Le président a souvent dénoncé l’enquête de M. Mueller comme une « chasse aux sorcières ». Il aurait même envisagé de limoger le procureur spécial. Cependant, ses avocats affirment que le président « coopère » avec M. Mueller et que M. Trump n’est pas directement visé par l’enquête. « Robert Mueller va boucler son enquête sous peu et rien n’en sortira », prédit M. Trump.

Un autre « Russiagate » ?

M. Trump ajoute que « la vraie histoire russe » est celle de l’implication d’Hillary Clinton dans le dossier scabreux monté par M. Steele et de l’implication du département d’État de Mme Clinton dans l’approbation, à l’insu du Congrès, d’un accord qui, en 2010, donna à l’agence russe de l’énergie atomique le contrôle d’un quart des réserves américaines d’uranium.

Au moins trois commissions du Congrès enquêtent désormais sur ces dossiers. « Rira bien qui rira le dernier », lance le président. « Balivernes », rétorque Mme Clinton, qui accuse les républicains de « faire diversion ».

Devant l’extrême polarisation de la vie politique américaine actuelle, il est douteux que les enquêtes fassent toute la lumière sur ces affaires russes.

Les enquêtes du « Russiagate »

Avril 2016. La campagne d’Hillary Clinton et le Parti démocrate paient Fusion GPS pour qu’elle charge l’ancien espion britannique Christopher Steele de dénicher des informations compromettantes sur les séjours de Donald Trump en Russie.

9 juin. Donald Trump fils, Jared Kushner et Paul Manafort rencontrent une avocate russe qu’un intermédiaire britannique présente comme porteuse d’informations émanant du gouvernement russe et compromettantes pour Hillary Clinton.

Juillet.

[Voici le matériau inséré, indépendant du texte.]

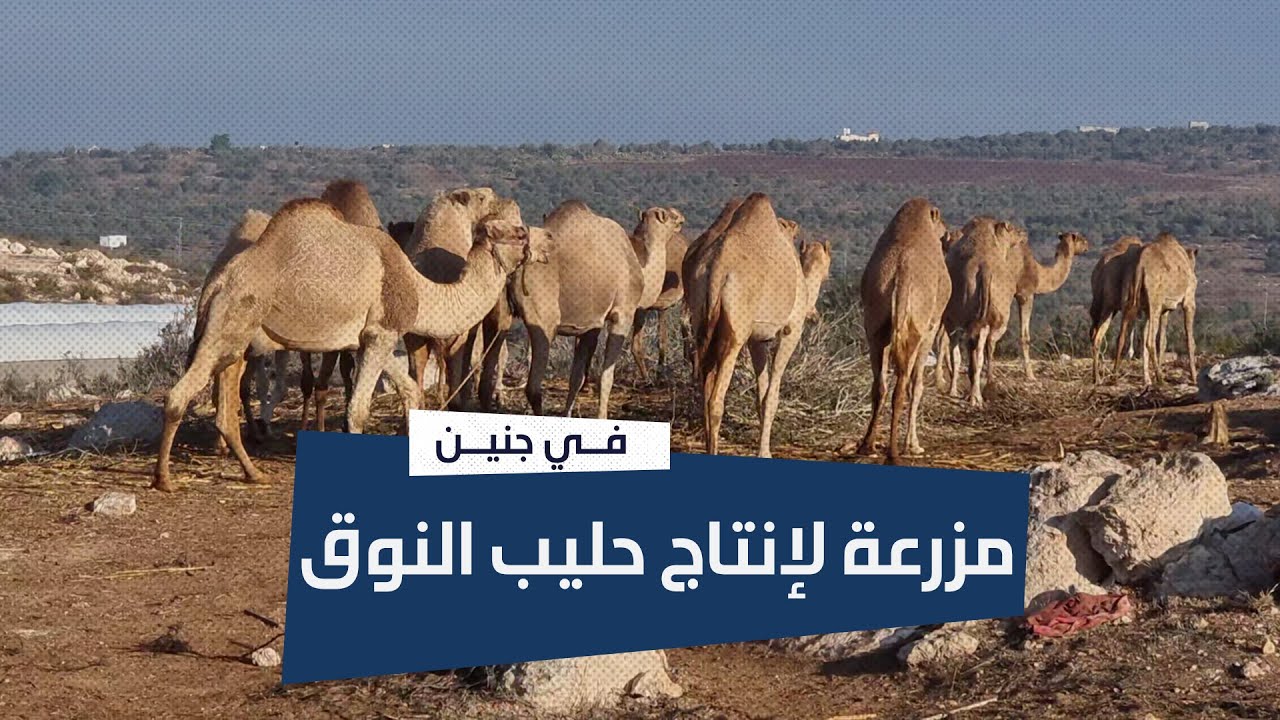 مزرعة في جنين لإنتاج حليب النوق 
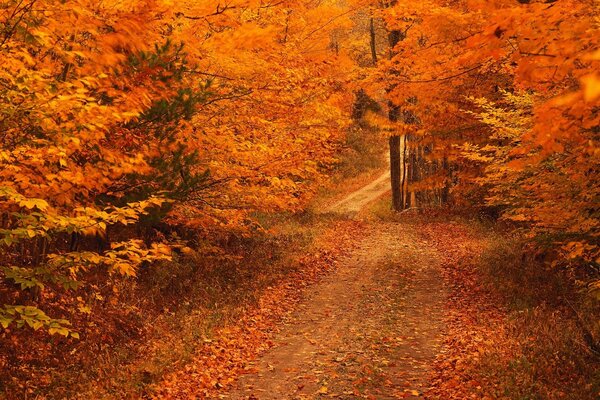 Paisaje de otoño naranja brillante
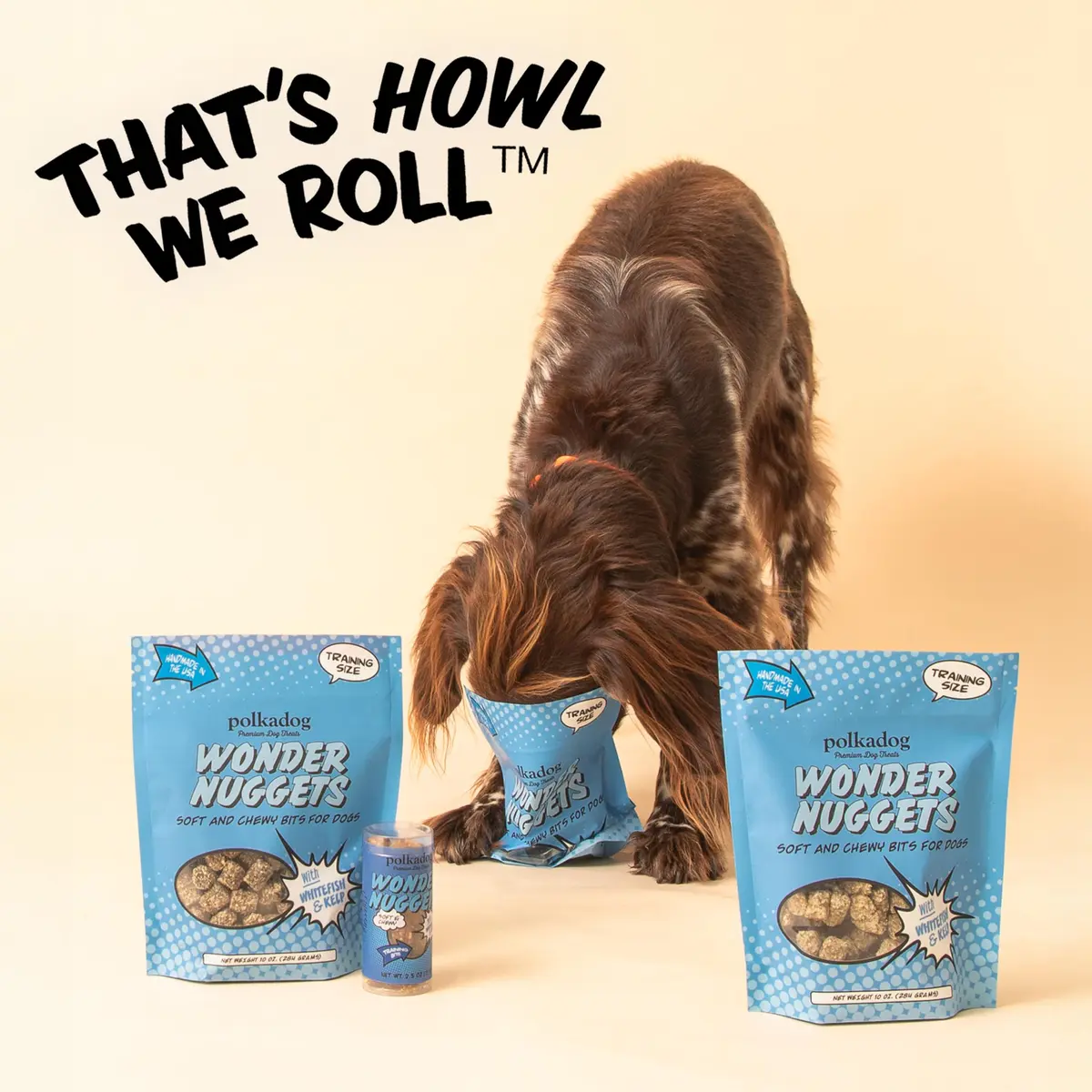 Polkadog Whitefish & Kelp Wonder Nuggets | Soft & Chewy Dog Treats, 10oz - view 7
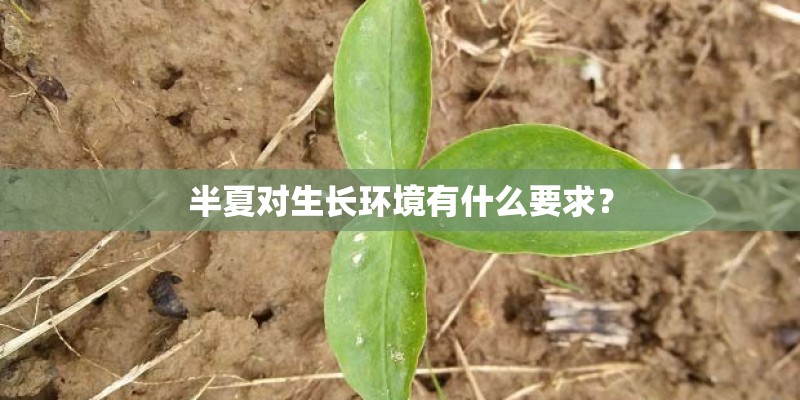半夏对生长环境有什么要求？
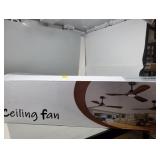 Ceiling Fan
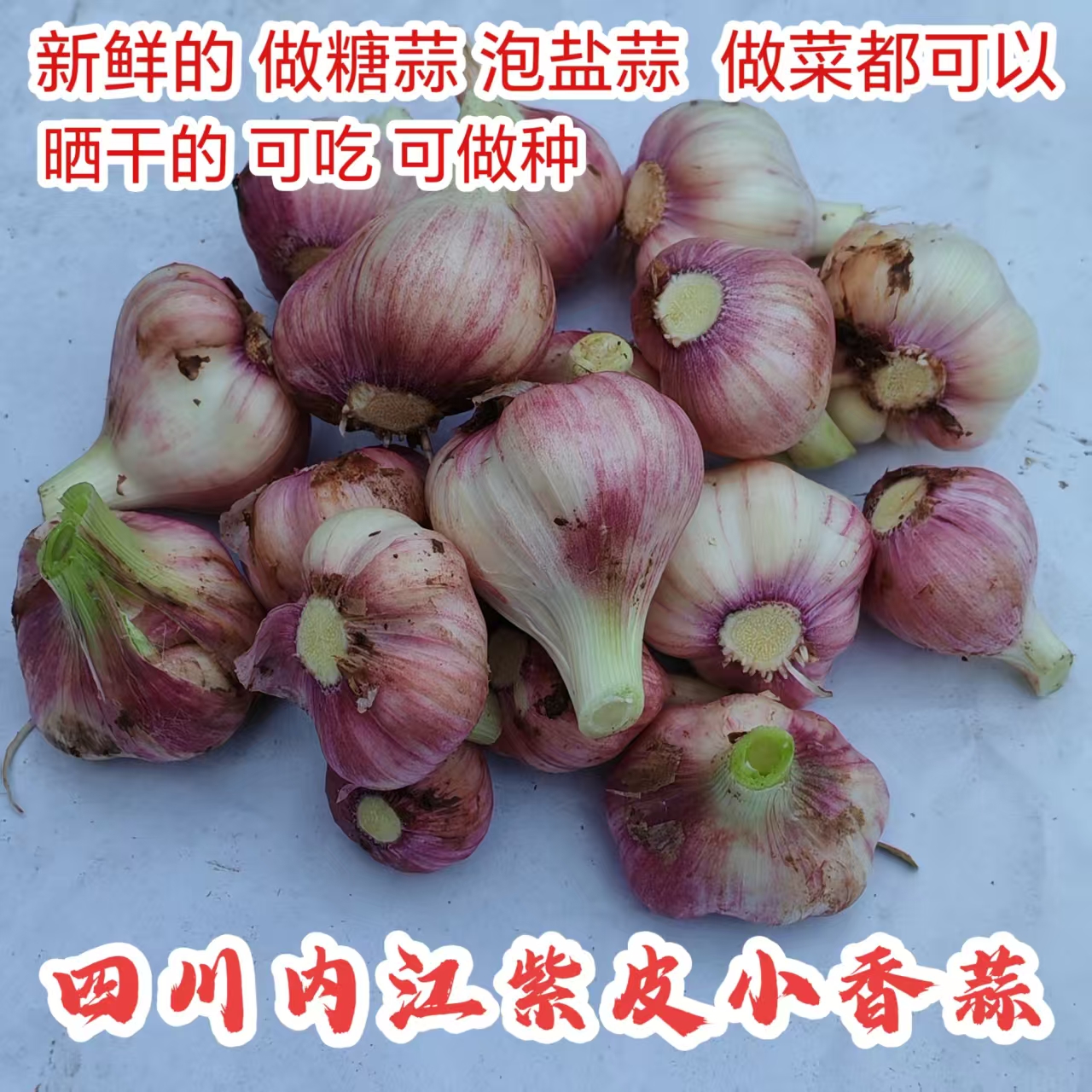 四川内江本地 紫皮小香蒜 红皮大蒜 香蒜 蒜苗炒回锅肉 蒜瓣 种子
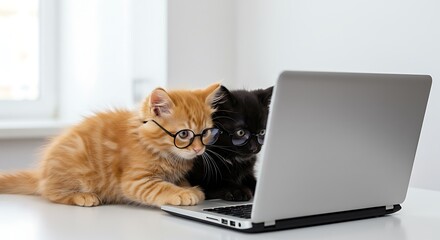 Gatinhos com óculos e notebook em mesa de escritório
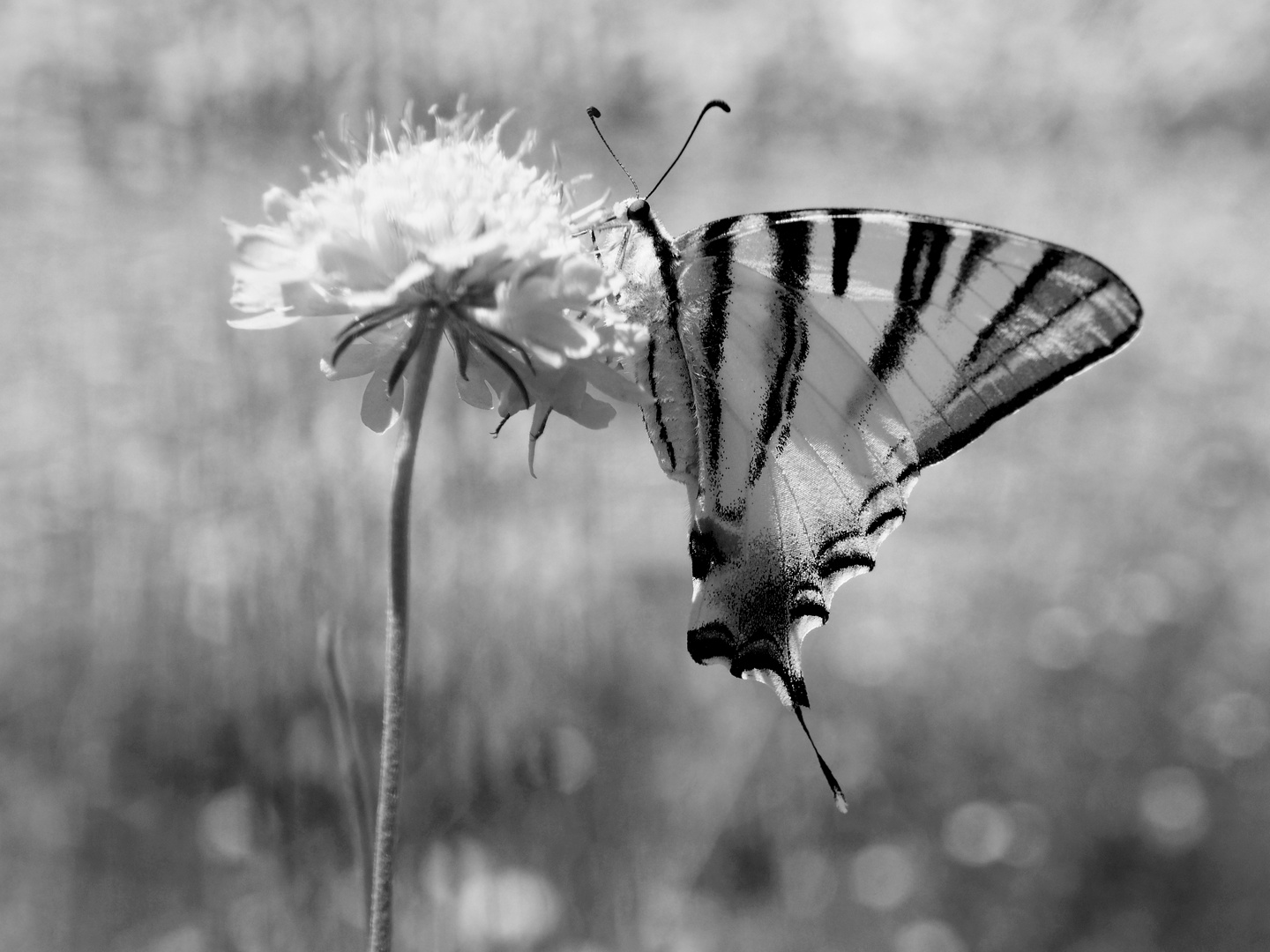 Farfalla in BW..iphiclides podalirius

Le FBI de James Comey ouvre en secret une enquête sur les allégations de contacts entre l’équipe Trump et le Kremlin.

6 janvier 2017. Le FBI, la CIA et la NSA publient un rapport indiquant que Vladimir Poutine avait ordonné une opération de propagande pour « discréditer » Hillary Clinton face à Donald Trump pendant la campagne présidentielle.

13 janvier. La Commission sénatoriale des renseignements ouvre une enquête.

13 février. Michael Flynn démissionne de son poste de conseiller chargé de la sécurité nationale.

27 mars. La Commission judiciaire du Sénat lance son enquête.

9 mai. Donald Trump limoge James Comey, directeur du FBI.

17 mai. Rod Rosenstein, ministre adjoint de la Justice, désigne comme procureur spécial le prédécesseur de M. Comey au FBI, Robert Mueller.

26 juillet. Robert Mueller ordonne au FBI de faire la première perquisition de l’enquête en forçant la porte du domicile de Paul Manafort.

3 août. Révélation que Robert Mueller a, des semaines auparavant, formé un grand jury.